_Your task_.
Below are lines of records; copy exactly those from the one containing "Gothic Ripped Striped" through the one containing "Antique Edwardian Mahogany", leaving the pictures behind.

_Data for analysis_.
BEGIN
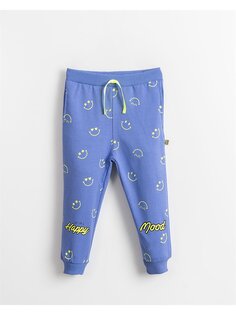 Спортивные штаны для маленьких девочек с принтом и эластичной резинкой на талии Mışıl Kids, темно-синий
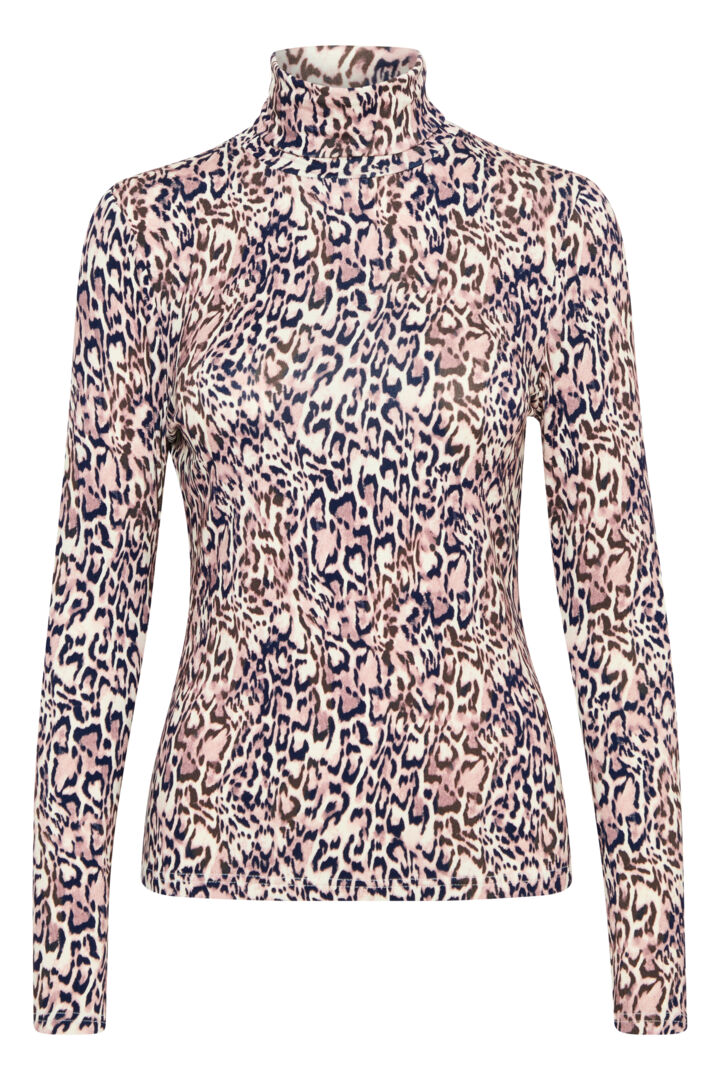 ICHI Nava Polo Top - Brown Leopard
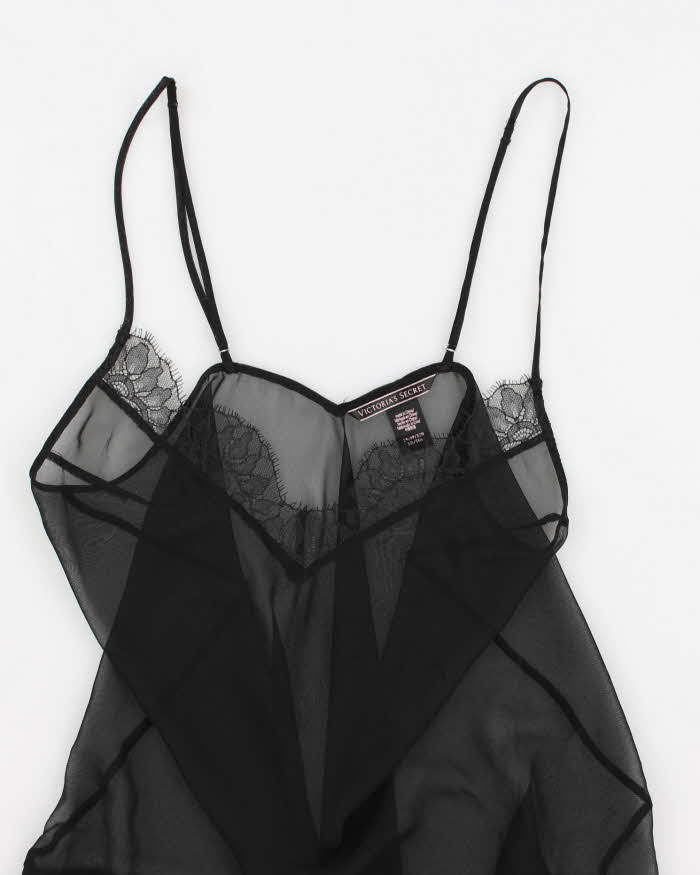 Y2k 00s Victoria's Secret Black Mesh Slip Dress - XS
END
BEGIN
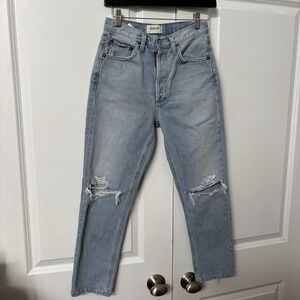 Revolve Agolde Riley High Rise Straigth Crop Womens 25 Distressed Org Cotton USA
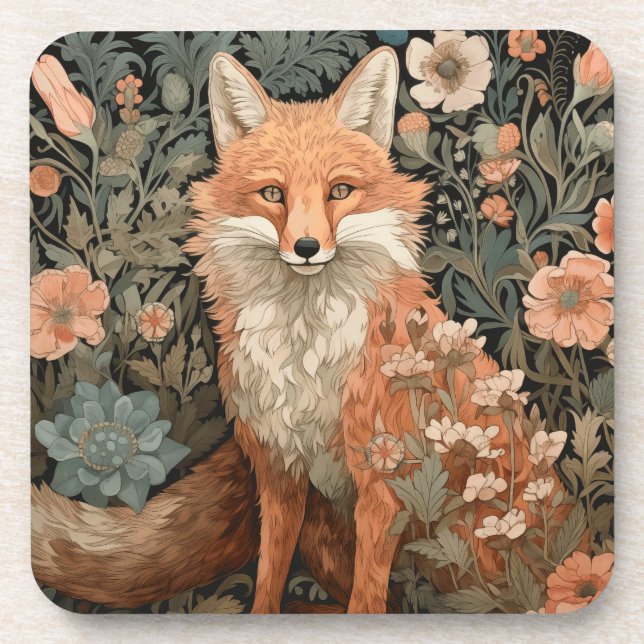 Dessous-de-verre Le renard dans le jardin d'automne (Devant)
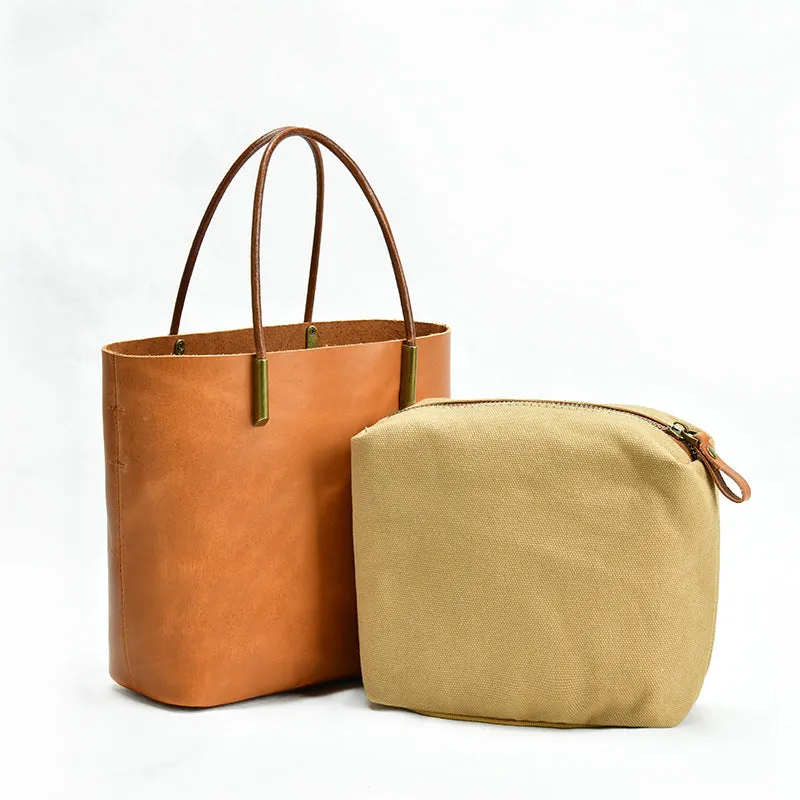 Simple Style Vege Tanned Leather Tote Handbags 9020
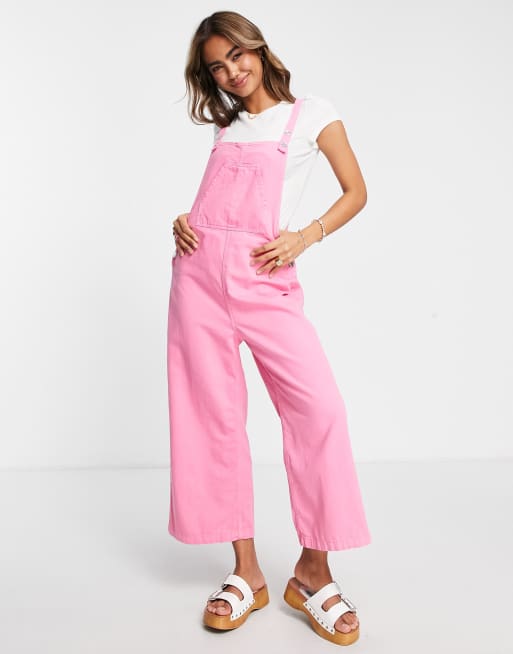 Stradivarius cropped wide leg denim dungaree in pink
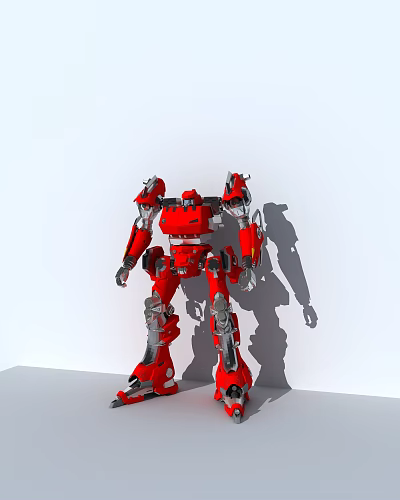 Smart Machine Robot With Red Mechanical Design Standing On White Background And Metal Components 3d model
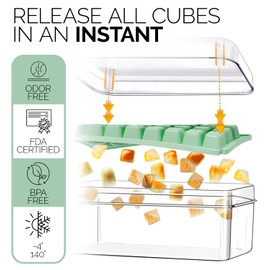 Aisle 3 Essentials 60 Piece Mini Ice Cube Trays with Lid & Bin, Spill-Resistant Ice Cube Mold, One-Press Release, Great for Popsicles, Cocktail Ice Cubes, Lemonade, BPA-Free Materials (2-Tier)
END
BEGIN
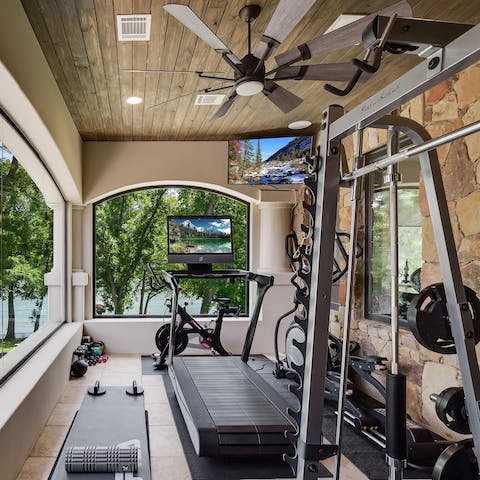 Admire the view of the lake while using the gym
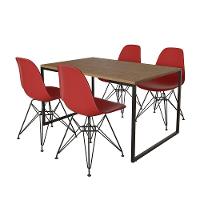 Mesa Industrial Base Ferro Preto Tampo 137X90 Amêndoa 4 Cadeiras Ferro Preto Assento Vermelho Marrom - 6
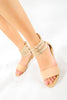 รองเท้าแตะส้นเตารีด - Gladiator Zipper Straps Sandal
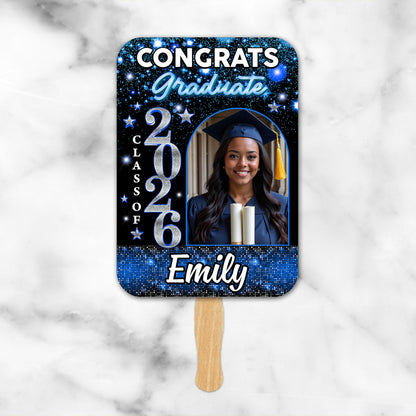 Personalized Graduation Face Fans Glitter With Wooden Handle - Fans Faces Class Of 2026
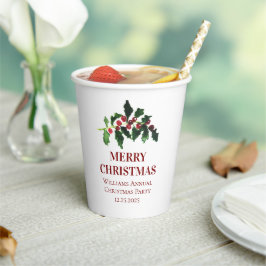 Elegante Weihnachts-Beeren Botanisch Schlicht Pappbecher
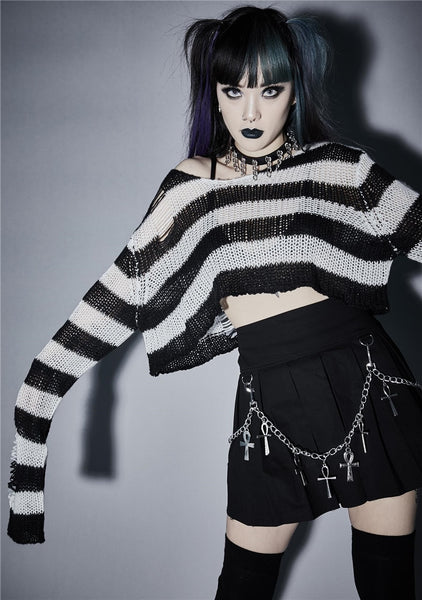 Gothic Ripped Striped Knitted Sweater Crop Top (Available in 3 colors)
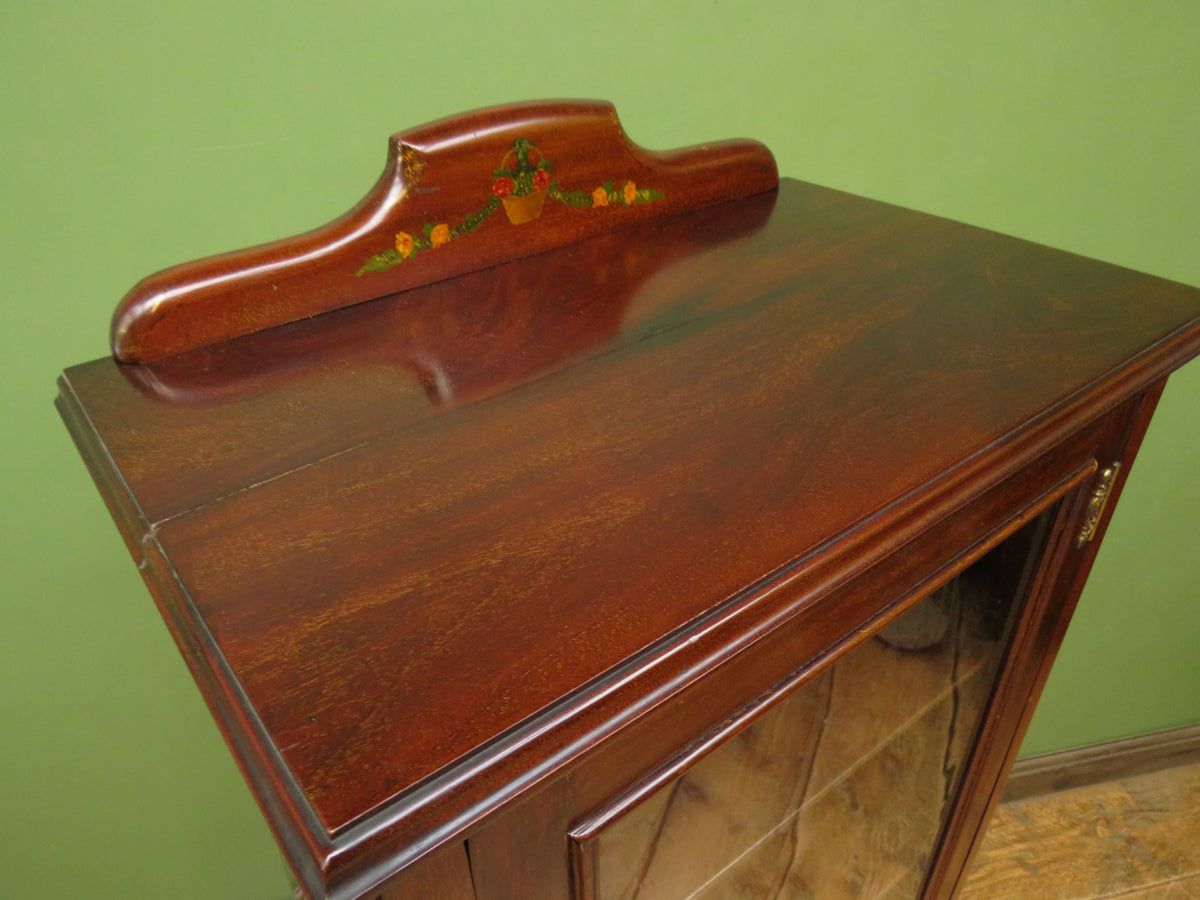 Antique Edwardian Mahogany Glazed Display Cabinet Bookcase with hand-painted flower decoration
END
_Response area_.
 Gothic Ripped Striped Knitted Sweater Crop Top (Available in 3 colors)
 Antique Edwardian Mahogany Glazed Display Cabinet Bookcase with hand-painted flower decoration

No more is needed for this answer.